▶ What you have to do: Your answer should consist of the line holding "Rio de Janeiro" and all lines after it to the end of the material, copied exactly.
-------- Provided information --------
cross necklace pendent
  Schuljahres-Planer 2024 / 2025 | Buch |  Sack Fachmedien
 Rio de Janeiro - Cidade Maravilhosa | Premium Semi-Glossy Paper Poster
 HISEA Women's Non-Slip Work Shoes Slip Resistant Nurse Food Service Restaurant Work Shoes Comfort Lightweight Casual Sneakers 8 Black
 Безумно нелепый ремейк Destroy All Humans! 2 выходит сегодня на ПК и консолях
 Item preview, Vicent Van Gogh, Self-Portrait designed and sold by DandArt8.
--------
▶ Solution to this exercise:
 Rio de Janeiro - Cidade Maravilhosa | Premium Semi-Glossy Paper Poster
 HISEA Women's Non-Slip Work Shoes Slip Resistant Nurse Food Service Restaurant Work Shoes Comfort Lightweight Casual Sneakers 8 Black
 Безумно нелепый ремейк Destroy All Humans! 2 выходит сегодня на ПК и консолях
 Item preview, Vicent Van Gogh, Self-Portrait designed and sold by DandArt8.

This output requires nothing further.